By: David Kanter | 12-07-2010
Introduction to OpenCL
Using a GPU for computational workloads is not a new concept. The first work in this area dates back to academic research in 2003, but it took the advent of unified shaders in the DX10 generation for GPU computing to be a plausible future. Around that time, Nvidia and ATI began releasing proprietary compute APIs for their graphics processors, and a number of companies were working on tools to leverage GPUs and other alternative architectures. The landscape back then was incredibly fragmented and almost every option required a proprietary solution ? either software, hardware or both. Some of the engineers at Apple looked at the situation and decided that GPU computing had potential ? but they wanted a standard API that would let them write code and run on many different hardware platforms. It was clear that Microsoft would eventually create one for Windows (ultimately DirectCompute), but what about Linux, and OS X? Thus an internal project was born, that would eventually become OpenCL.

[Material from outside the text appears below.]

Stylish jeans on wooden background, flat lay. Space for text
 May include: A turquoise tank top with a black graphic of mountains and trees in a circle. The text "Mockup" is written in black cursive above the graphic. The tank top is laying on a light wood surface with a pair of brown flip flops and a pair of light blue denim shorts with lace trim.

The goals for OpenCL are deceptively simple: a cross-platform API and ecosystem for applications to take advantage of heterogeneous computing resources for parallel applications. The name also makes it clear ? that OpenCL is the compute analogue of OpenGL and is intended to fill a similar role. While GPUs were explicitly targeted, a number of other devices have considerable potential, but lack a suitable programming model, including IBM’s Cell processor and various FPGAs. Multi-core CPUs are also candidates for OpenCL, especially given the difficultly inherent in parallel programming models, with the added benefit of integration with other devices.
OpenCL has a broad and inclusive approach to parallelism, both in software and hardware. The initial incarnations focus on data parallel programming models, partially because of the existing work in the area. However, task level parallelism is certainly anticipated and on the road map. In fact, one of the most interesting areas will be the interplay between the two.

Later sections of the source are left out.